Russian general officer position

The Commander of the Russian Airborne Forces (Командующий воздушно-десантными войсками России) is a general officer position that is tasked with leading the Russian Airborne Forces. The office is part of the Airborne Forces Command and reports to the Chief of the General Staff.

==History==
On 4 September 1941 the Directorate of the Commander of the Airborne Forces (VDV) of the Red Army was established. All of the Soviet airborne corps were transferred from the front commanders of the Red Army to be subordinated to the new organization, led by the Commander of the Airborne Forces. In October 1944 it was transferred from the Red Army to the Soviet Air Forces.
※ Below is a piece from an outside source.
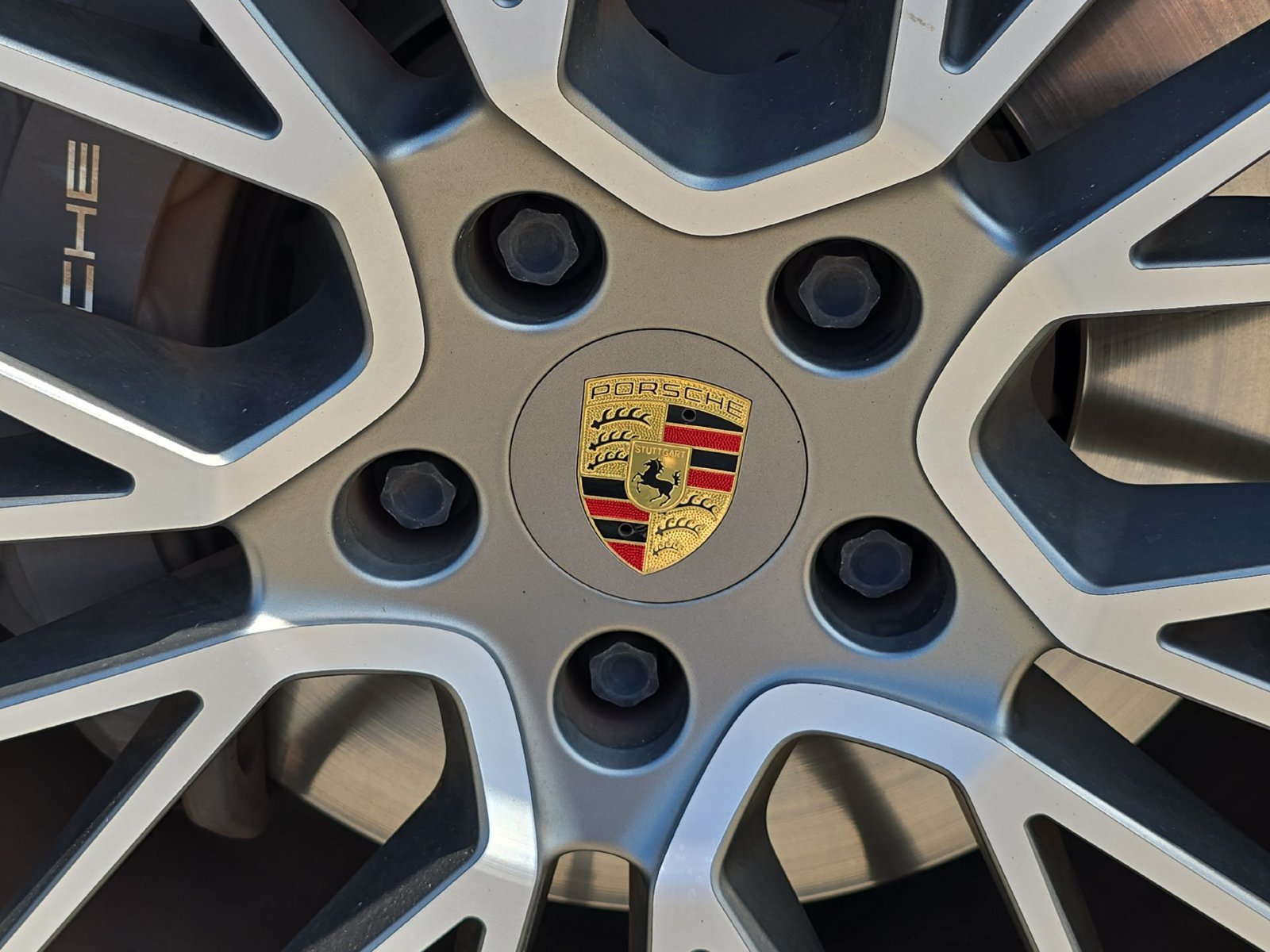 Certified 2023 Porsche Cayenne Platinum Edition AWD/4WD image 12
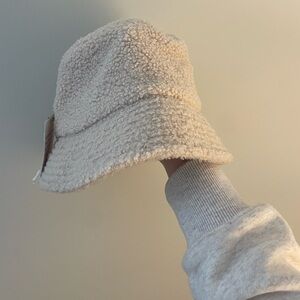 Roxy Cream Sherpa Bucket Hat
In 1946 the VDV was placed under the direct command of the Ministry of Defense, then became part of the Soviet Ground Forces in 1956, before once again being made a separate combat arm in 1964.

After the dissolution of the Soviet Union, the modern Russian Airborne Forces were officially established on 7 May 1992 by presidential decree No. 466.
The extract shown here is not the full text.